WHAT TO WORK ON: The material below holds pictures; leave them out and reproduce exactly the lines from the one with "Now what I'm" through the one with "First of all, open", inclusive.

─── SUPPLIED DATA

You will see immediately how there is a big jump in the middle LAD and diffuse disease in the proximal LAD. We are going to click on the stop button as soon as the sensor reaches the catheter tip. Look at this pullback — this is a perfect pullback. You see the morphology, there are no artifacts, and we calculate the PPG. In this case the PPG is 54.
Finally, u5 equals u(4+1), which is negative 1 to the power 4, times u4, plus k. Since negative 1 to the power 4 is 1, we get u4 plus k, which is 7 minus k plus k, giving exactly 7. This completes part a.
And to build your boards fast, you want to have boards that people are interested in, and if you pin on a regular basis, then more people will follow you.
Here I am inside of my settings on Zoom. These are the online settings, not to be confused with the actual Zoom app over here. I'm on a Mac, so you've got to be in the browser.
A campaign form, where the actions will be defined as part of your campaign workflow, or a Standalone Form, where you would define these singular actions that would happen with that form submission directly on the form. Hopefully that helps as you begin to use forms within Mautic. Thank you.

──────
─── SUPPLIED DATA

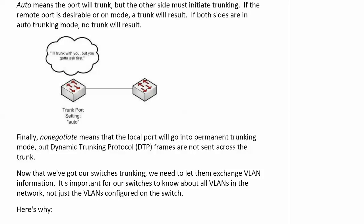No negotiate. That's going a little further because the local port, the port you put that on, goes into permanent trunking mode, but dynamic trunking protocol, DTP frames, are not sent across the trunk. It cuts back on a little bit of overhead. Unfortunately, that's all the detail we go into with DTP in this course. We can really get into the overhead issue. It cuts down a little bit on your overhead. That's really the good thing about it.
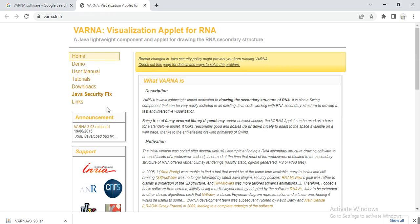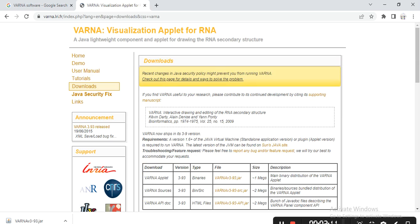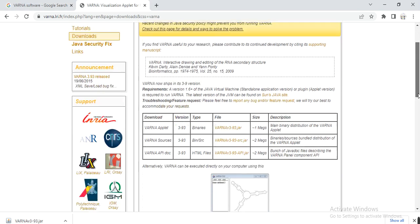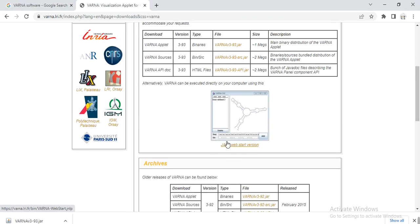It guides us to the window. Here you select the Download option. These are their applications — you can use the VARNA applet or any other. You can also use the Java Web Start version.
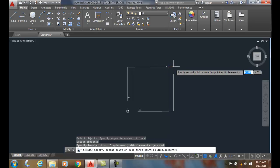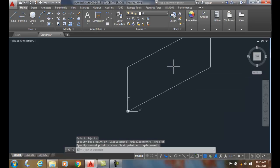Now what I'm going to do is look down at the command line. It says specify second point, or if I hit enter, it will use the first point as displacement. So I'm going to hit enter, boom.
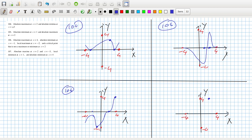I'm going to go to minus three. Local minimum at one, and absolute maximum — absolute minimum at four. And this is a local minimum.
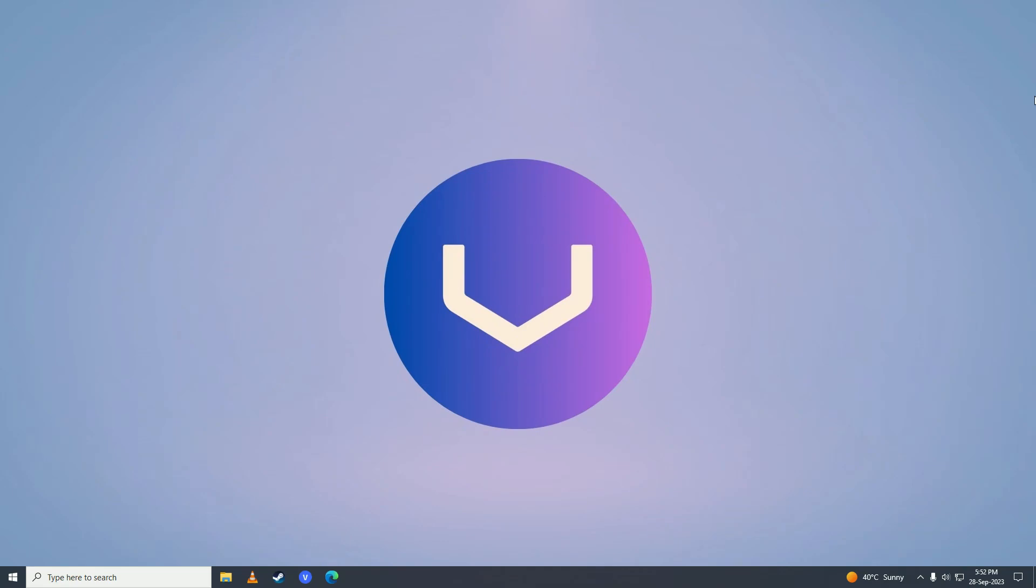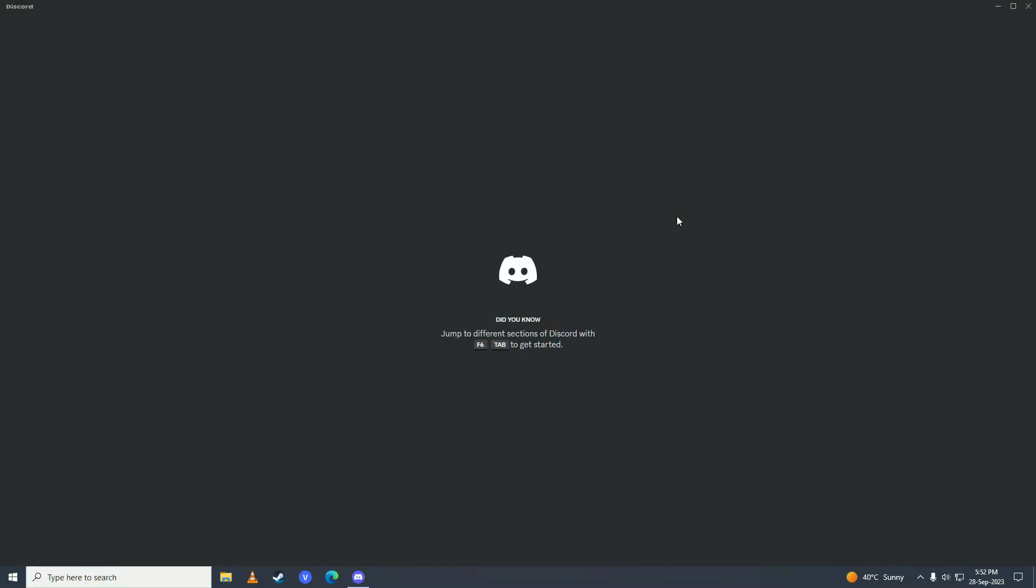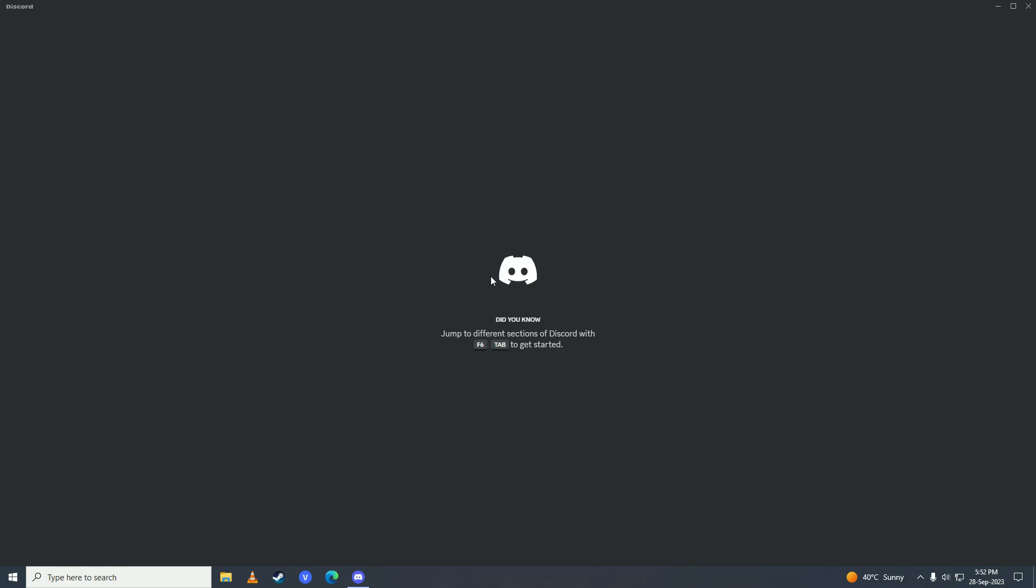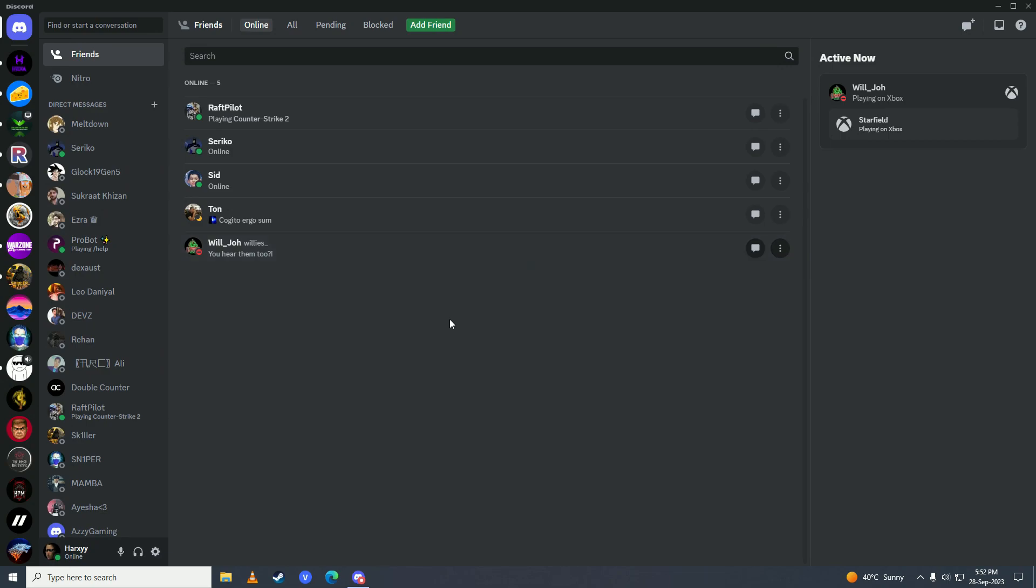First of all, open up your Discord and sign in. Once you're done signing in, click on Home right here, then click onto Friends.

──────
─── SUPPLIED DATA

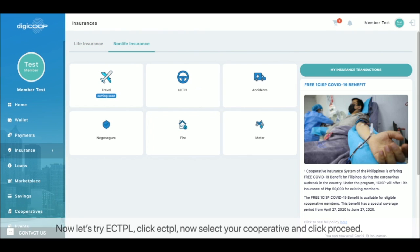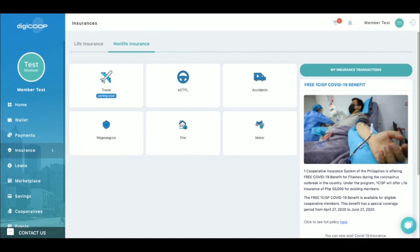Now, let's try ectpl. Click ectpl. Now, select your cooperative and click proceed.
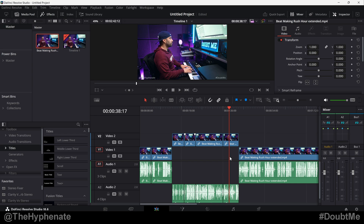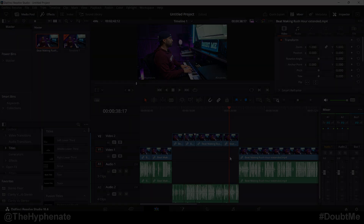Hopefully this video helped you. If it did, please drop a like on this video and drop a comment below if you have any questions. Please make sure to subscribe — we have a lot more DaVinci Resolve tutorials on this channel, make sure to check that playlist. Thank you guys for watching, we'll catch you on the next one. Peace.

──────

FINISHED EXERCISE:
Now what I'm going to do is look down at the command line. It says specify second point, or if I hit enter, it will use the first point as displacement. So I'm going to hit enter, boom.
I'm going to go to minus three. Local minimum at one, and absolute maximum — absolute minimum at four. And this is a local minimum.
First of all, open up your Discord and sign in. Once you're done signing in, click on Home right here, then click onto Friends.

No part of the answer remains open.